» **Work instruction**: Restate word for word each line from the one containing "Press and hold the exposure switch as" through the end of the material, and nothing more. Drop every picture.

» **The data**:
============================================================
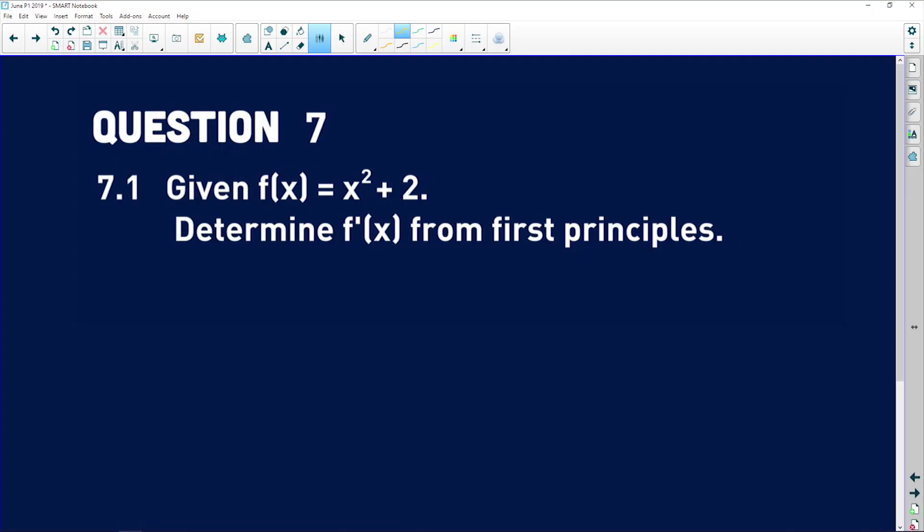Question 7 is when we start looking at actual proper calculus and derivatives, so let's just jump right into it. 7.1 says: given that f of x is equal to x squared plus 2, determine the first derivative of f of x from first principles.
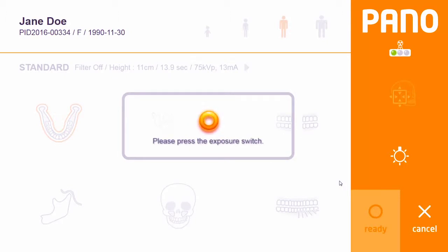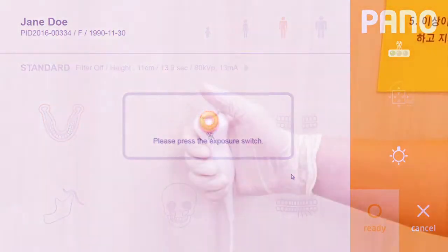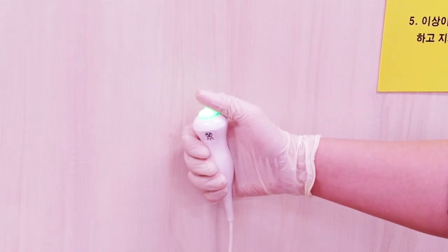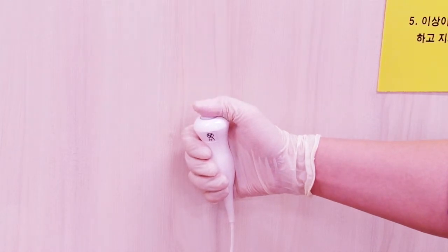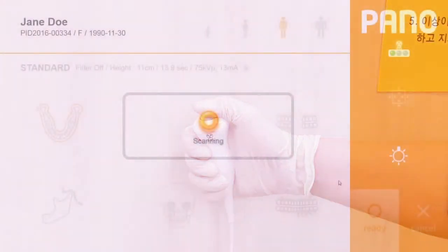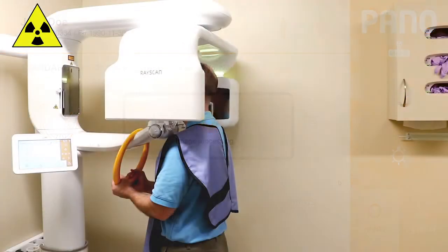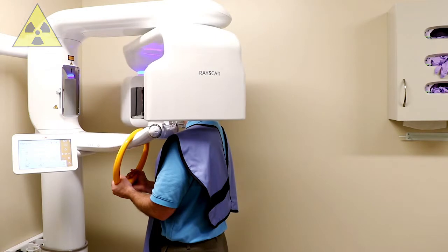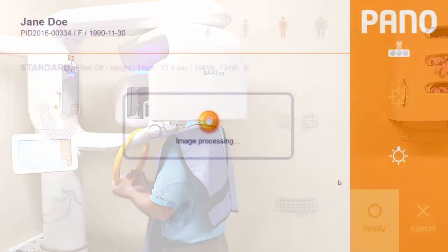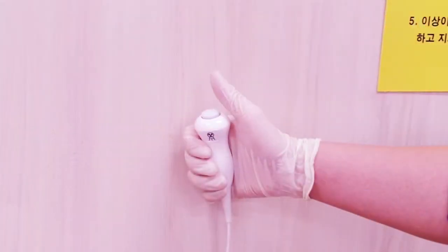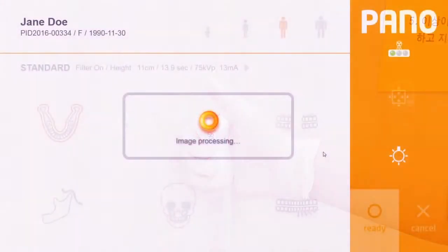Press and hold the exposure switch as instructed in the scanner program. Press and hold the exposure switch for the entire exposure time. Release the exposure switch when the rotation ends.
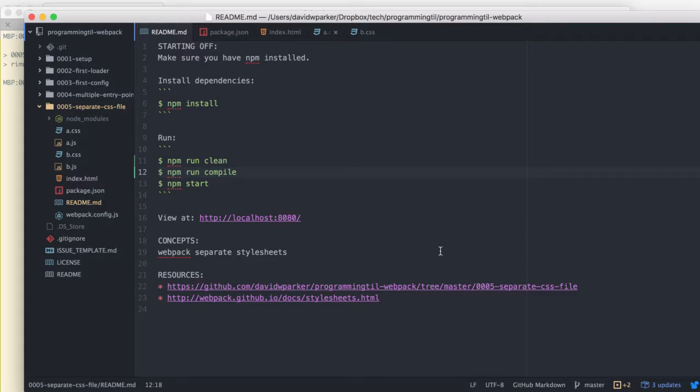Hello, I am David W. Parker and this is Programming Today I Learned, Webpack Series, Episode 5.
============================================================
» **Problem solution**:
Press and hold the exposure switch as instructed in the scanner program. Press and hold the exposure switch for the entire exposure time. Release the exposure switch when the rotation ends.
Hello, I am David W. Parker and this is Programming Today I Learned, Webpack Series, Episode 5.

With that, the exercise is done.